In many Western countries, the nuclear family, in which both parents are members of the household, is believed to be ideal. In Jamaica and the wider Caribbean, however, the nuclear family is often the exception rather than the rule. A large proportion of families in the region still consist of only one parent, usually the mother, with fathers adopting a marginal role in child-care and nurturance. According to the UNICEF publication “Situation Analysis of Jamaican Children,” over 45% of the households in Jamaica are female-headed. Such family structures are generally accepted as the norm in the Caribbean, and are often viewed as functional responses to the problems faced by people living in the region.
With regard to parenting style, a large percentage of Jamaican parents are believed to be authoritarian. This belief is largely due to the forms of discipline and communication patterns employed by many parents in the country. While there are variations in parenting styles among Jamaican parents, their general child-rearing methods have been described as highly repressive, severe and abusive (Smith & Mosby, 2003) and their disciplinary measures as inconsistent and developmentally inappropriate (Sloley, 1999, cited in Smith & Mosby, 2003). As Smith and Mosby (2003) mentioned, physical punishment is culturally sanctioned and generally viewed as the norm, supported by parents, relatives, teachers, and some religious leaders. Recently, the use of corporal punishment in Jamaican schools was banned but it continues to be used extensively by many parents.

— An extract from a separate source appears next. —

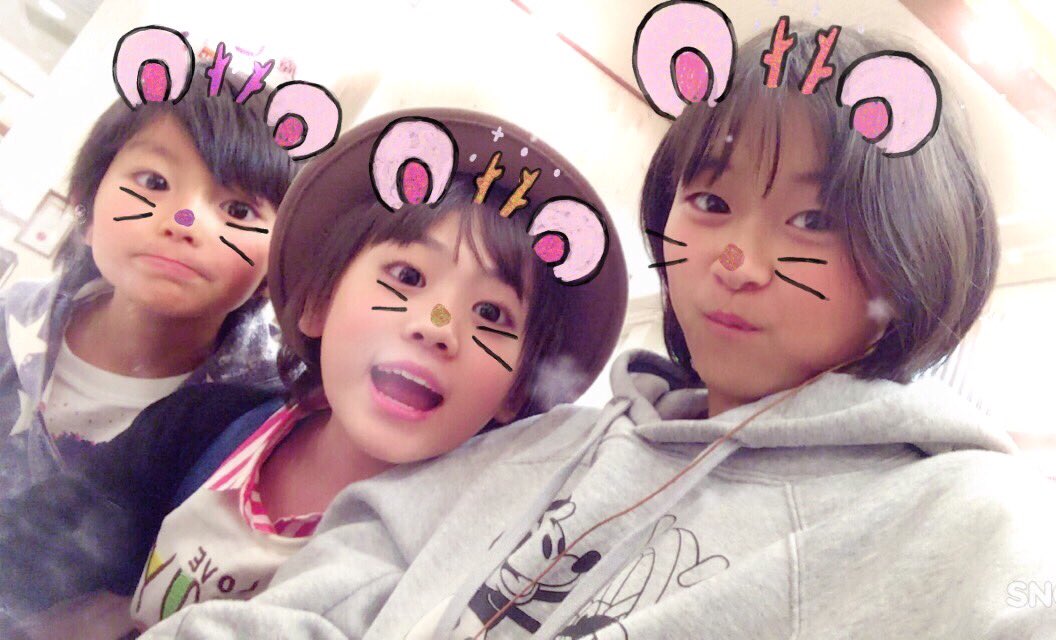 古賀 瑠 Auf Twitter ちえちゃんにも久しぶりに 会えました٩ ๑ ๑ ۶ 加藤智恵理 ちえちゃん 古賀瑠 ぼく 加藤憲史郎 けんちゃん 変な顔になって大笑いしながら 3人で撮ったsnow メリークリスマス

Poor parent-child communication is another characteristic of authoritarian parenting that has been noted among Jamaican parents. Evans and Davies (1997, cited in Smith & Mosby, 2003) noted that Jamaican parents often complained about their children asking too many questions or talking too much. These researchers argued that Jamaican parents are not inclined to engage in extended conversations with their children or to reason with them, views which are supported by Smith and Mosby (2003). In a study funded by the United Nations Children’s Fund (UNICEF), entitled “Unfriendly Parents in Jamaica” (2001) similar issues were identified and discussed. More specifically, researchers noted that there is a “lack of balanced communication between parents and teenagers, an unwillingness to engage in discussions with children, lack of information by parents and a lack of understanding of adolescent behaviour” (“Unfriendly Parents in Jamaica,” 2001, cited in Smith & Mosby, 2003, p. 373). Again, cultural beliefs help to maintain this form of interaction between parents and children. Many Jamaican parents still adhere to the view that children should “speak only when spoken to” and “should be seen and not heard.”
Smith, D. E., & Mosby, G. (2003). Jamaican child-rearing practices: The role of corporal punishment. Adolescence, 38 (150), 370-381.